Wahrscheinlich schon! Dank dieser Serie konnte ich trainieren, mit A und B Kamera zu arbeiten. Bei meinen Kinofilmen hatte ich bislang nur sehr selten zwei Kameras am Set. Filip Zumbrunn, unser Kameramann bei DIE MITTAGSFRAU, arbeitet viel mit A/B Kamera. Er hat mich darin auch sehr unterstützt – in einer doch straffen Drehzeit. Durch die Arbeit an der Serie war ich geeichter. Als Regisseur:in lernt man mit jedem Projekt. Das gilt für jedes Gewerk. Jedes Projekt hat andere Vorgaben und stellt andere Herausforderungen. Aber man muss sich immer neu einstellen und neue Aspekte lernen. Bei „Licht“ war es zum Beispiel die historische Zeit. So genau, wie wir bei „Licht“ gearbeitet haben, müsste man auch bei zeitgenössischen Stoffen sein. Für DIE MITTAGSFRAU waren die Erfahrungen von „Licht“ wie auch die Erfahrungen von „Funeral for a Dog“ wichtig. Bei der Serie stand die Arbeit mit einem großen Schauspiel-Ensemble im Vordergrund; es wurde auch ein anderes Tempo verlangt mit – im Extremfall – bis zu sieben Minuten pro Tag. Das ist alles Training. Ich sage nicht, dass man bei Kinofilmen auch so arbeiten soll. Aber so war ich gewappnet für einen historischen Kinofilm wie DIE MITTAGSFRAU, dessen Drehtage knapp bemessen sein mussten. Bei „Licht“ wiederum habe ich gelernt, mit reduzierten Mitteln eine bestimmte Zeit zu erzählen. Wir konnten kein riesiges VFX-Budget anwenden. Die Überlegung, mit wie wenig ich wie viel erzählen kann, reizt mich sehr. Bei der Serie konnte ich mehr ins Volle gehen, konnte 9/11 in Bulgarien in einem riesigen Studio mit VFX-Extensions drehen, hatte viele Komparsen... Dafür galt es bei DIE MITTAGSFRAU wieder umzuschalten und mir genau zu überlegen, wie ich mit weniger Mitteln auf ein mindestens gleich gutes Ergebnis komme.

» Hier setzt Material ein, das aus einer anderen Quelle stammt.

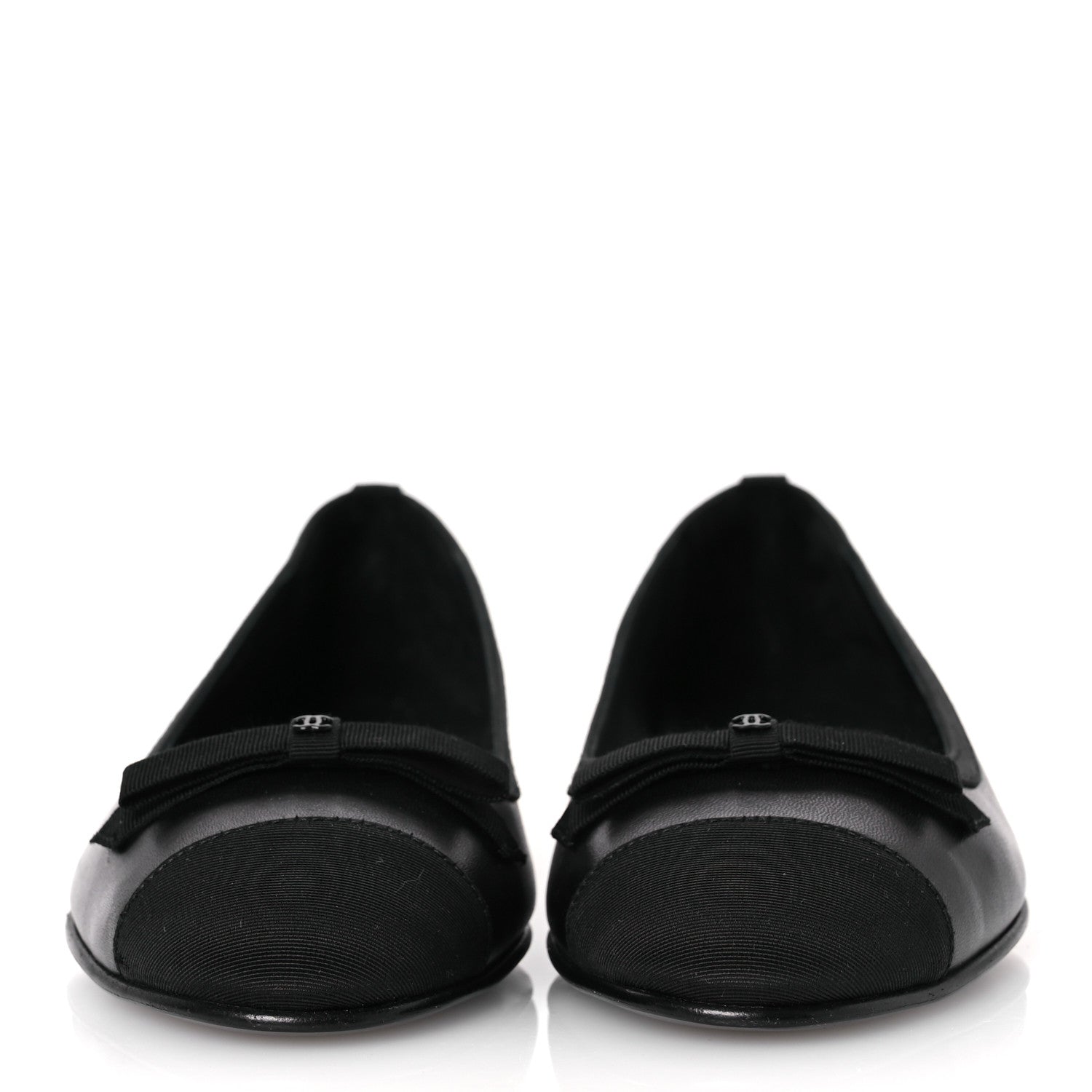 Chanel Goatskin Cap Toe Bow CC Ballerina Flats 38.5 Black 3 of 12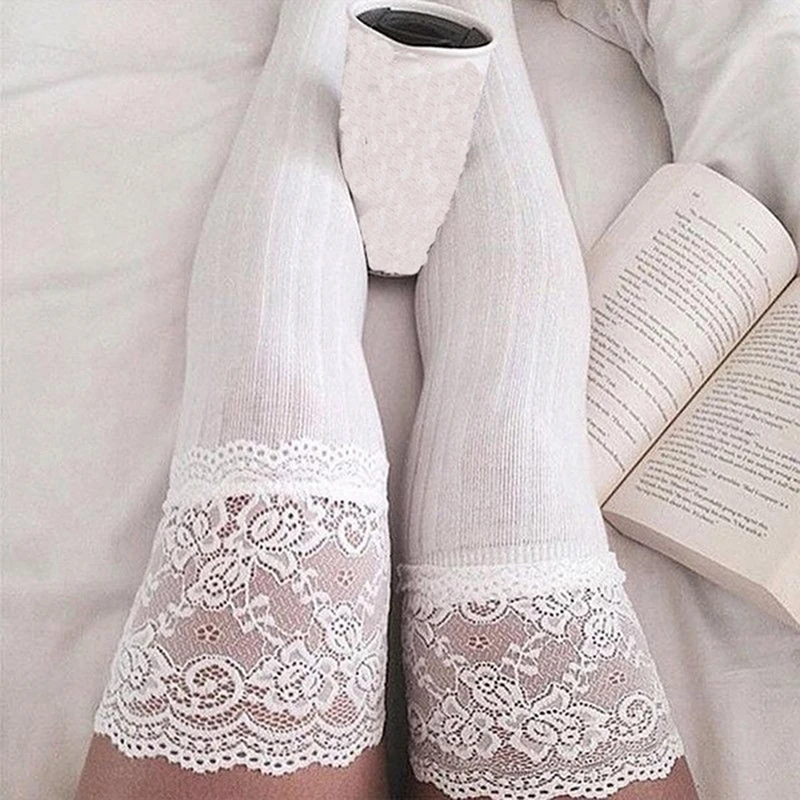 

Women Socks Stockings Warm Thigh High Over The Knee Socks Long Cotton Lace Up Stockings Medias Sexy Stockings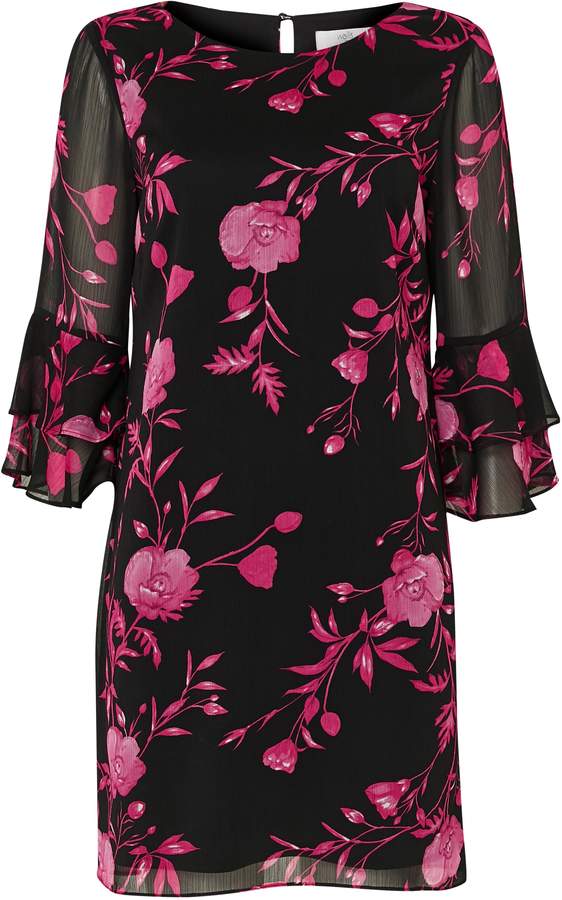 wallis pink floral shift dress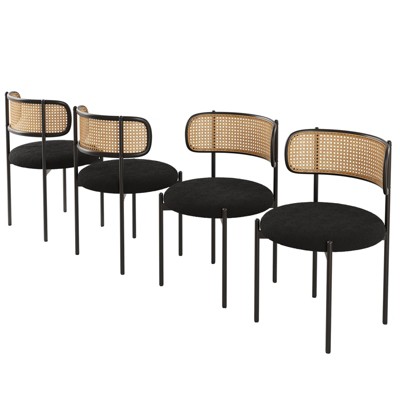 FURNIinspire Accent Chairs Modern Upholstered Dining Chairs Set of 4,Rattan Back Dining Room Chairs, Black, 20.5"*20.5"*30"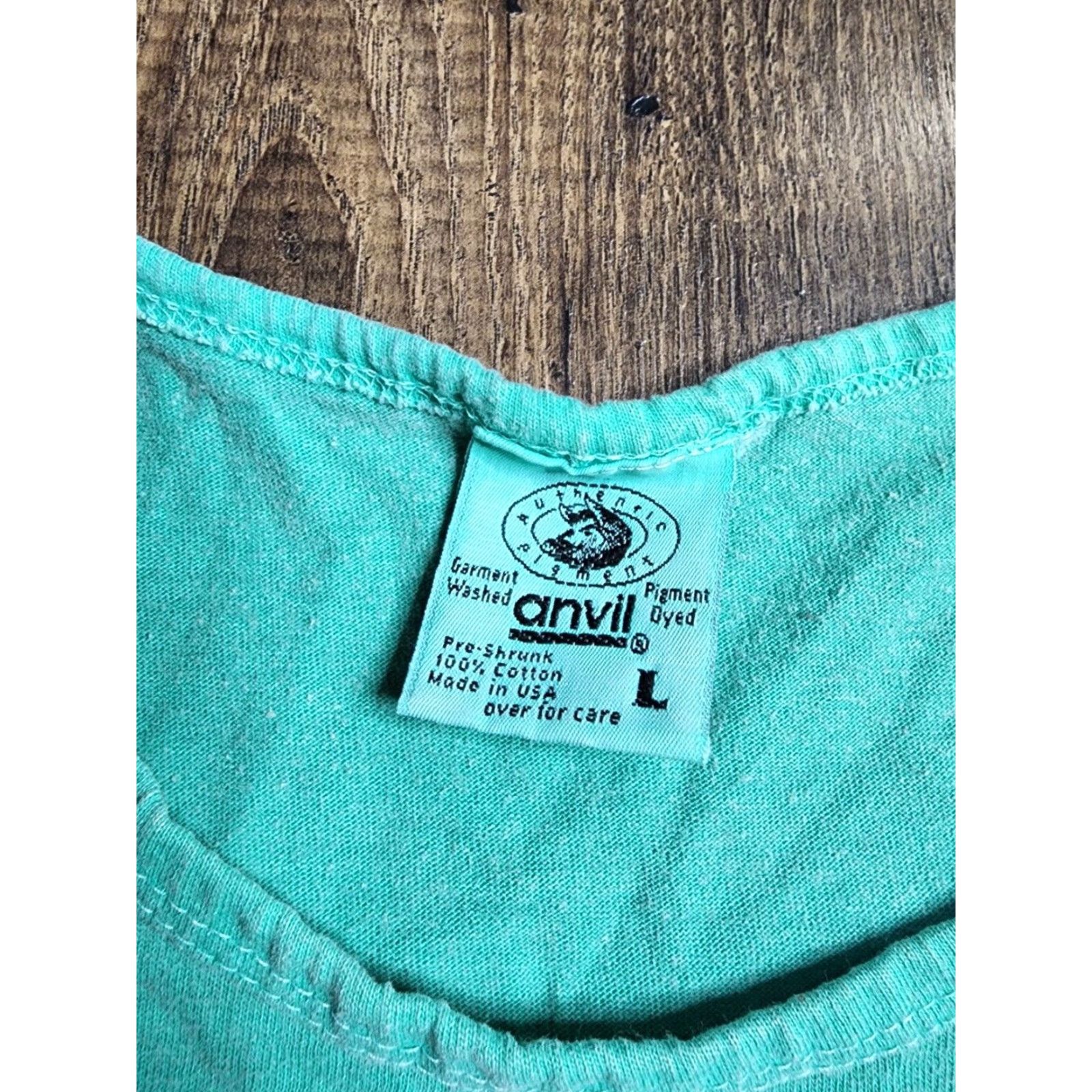Anvil VINTAGE Anvil Mens Green Embroidered Champ Tank Top T Shirt Distressed 90s Cotton Size US L / EU 52-54 / 3 - 6 Thumbnail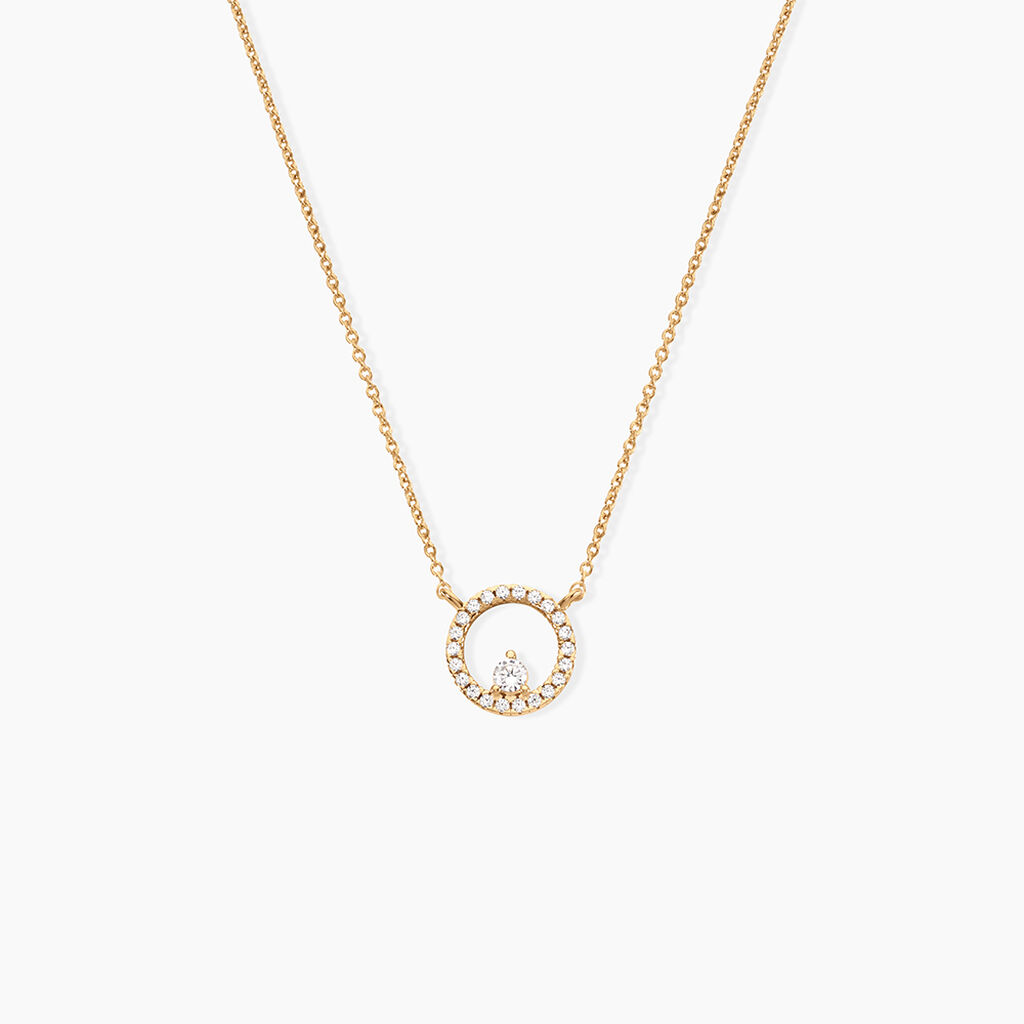 Collier Plaqu&eacute; Or Lila Oxydes De Zirconium - Colliers avec pierres Femme | Marc Orian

Hat sich Ihr eigener Blick auf die Kinoregie dadurch auch verändert?

Ich bin fest davon überzeugt, dass das Erlebnis der Filmwahrnehmung im Kino ein anderes ist als zuhause. Es ist physisch. Ich sehe und höre im Kinosaal anders als zuhause auf der Couch. Ich stelle mir natürlich die Frage, warum fürs Kino und nicht für den Fernseher oder den Monitor? Bei DIE MITTAGSFRAU wollten wir formal etwas sehr Spezifisches schaffen. Uns allen, besonders Kamera, Szenen-, Kostüm- und Maskenbild, war klar, dass wir eine Form finden müssen, die dieses Spezifische hat. Und ich finde, wir haben eine Entsprechung gefunden, die die radikale Perspektive erlebbar macht, das Eintauchen in die Hauptfigur erfahrbar. Es gibt einen Schauwert und Hörwert, den es so im Fernsehen beispielsweise nicht gibt. Im Kino kann ich thematisch anders arbeiten. Die Themenfrage schwingt zwar mit, sie ist aber nicht die erste Frage. Die erste Frage ist das radikale Empfinden des Films als Zuschauer:in. Die Emotionalität ist eine andere.

Wie sollte der Film aussehen? Wie schnell war Ihnen klar, welche Form, welche Ästhetik, welche Visualisierung Sie anstreben?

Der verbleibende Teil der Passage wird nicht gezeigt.